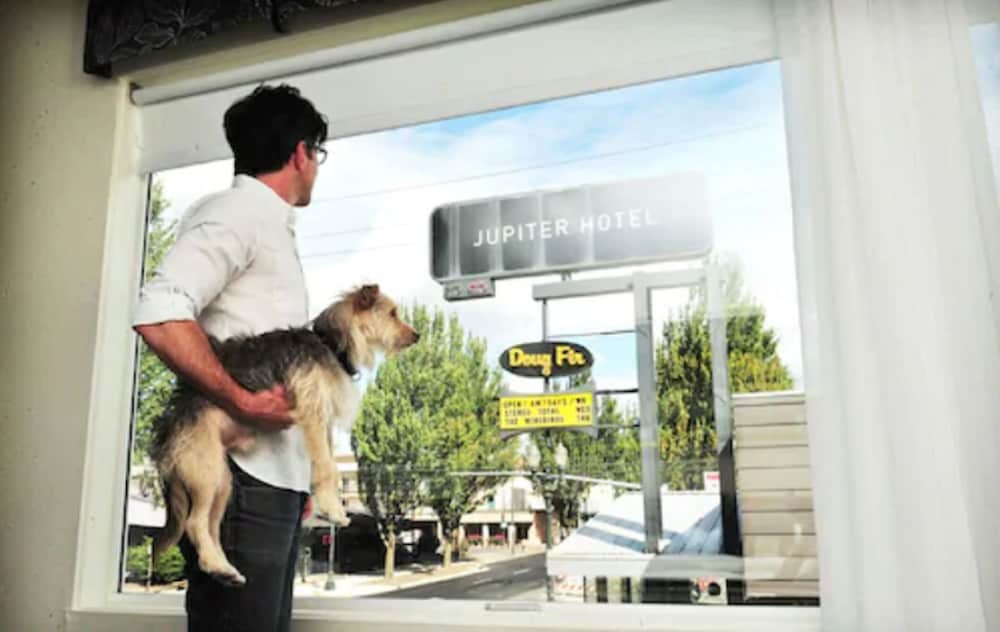 Фото Jupiter Hotel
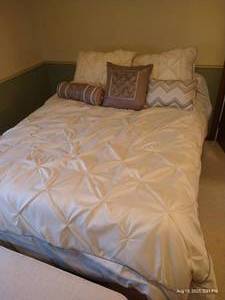 lot 133 image: Full Size Bed w Contents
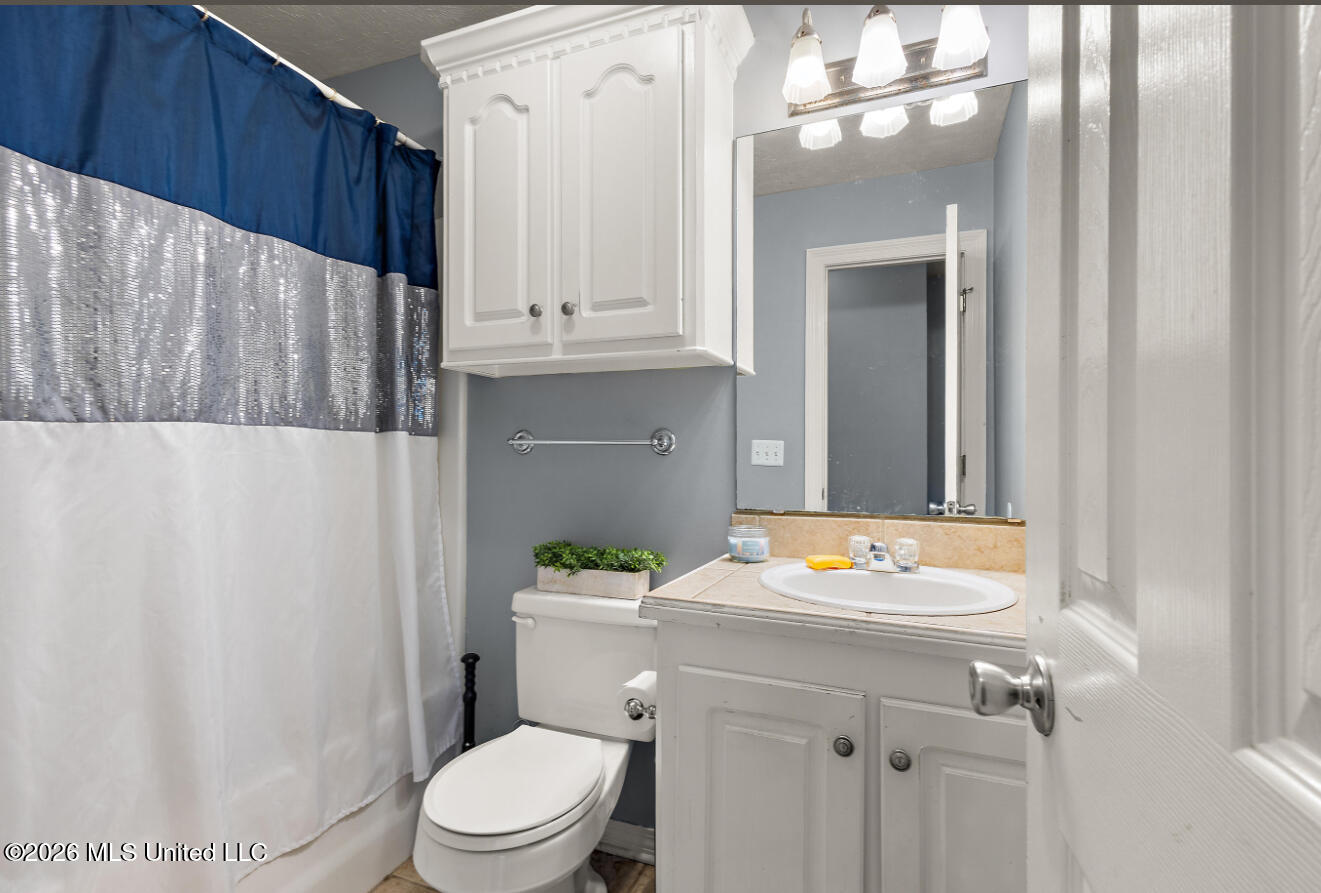 405 Edgewater Branch Drive Property Photo 16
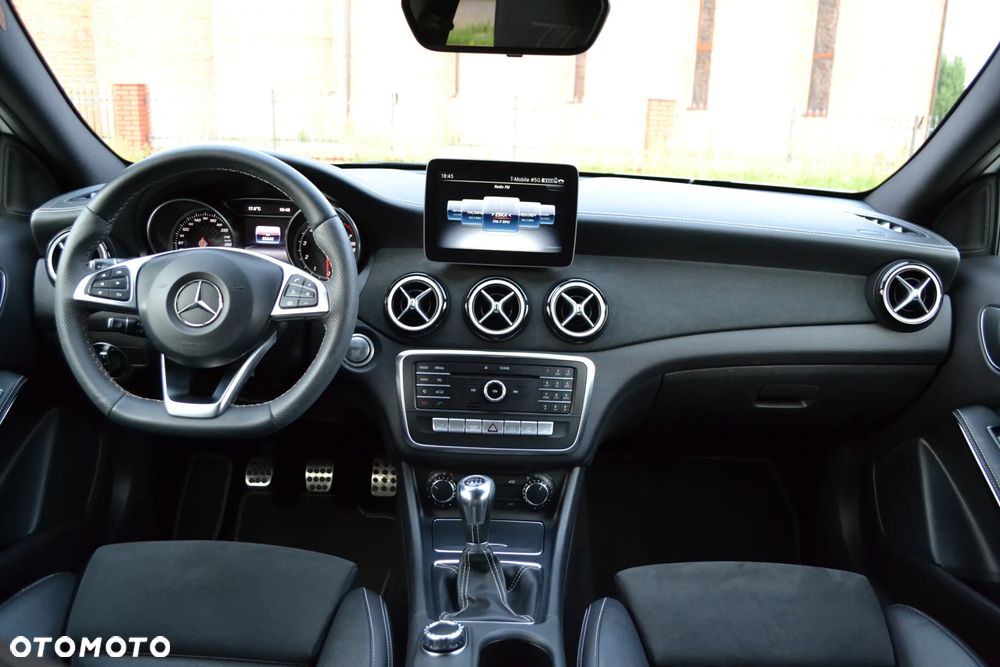 Mercedes-Benz Klasa A 200 AMG Line - 27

_ _ _ _ _ _ _

> Task instructions: Please copy the data shown above, line by line and exactly, omitting the images.

> Result of this exercise:
 Фото Jupiter Hotel
 lot 133 image: Full Size Bed w Contents
 405 Edgewater Branch Drive Property Photo 16
 Mercedes-Benz Klasa A 200 AMG Line - 27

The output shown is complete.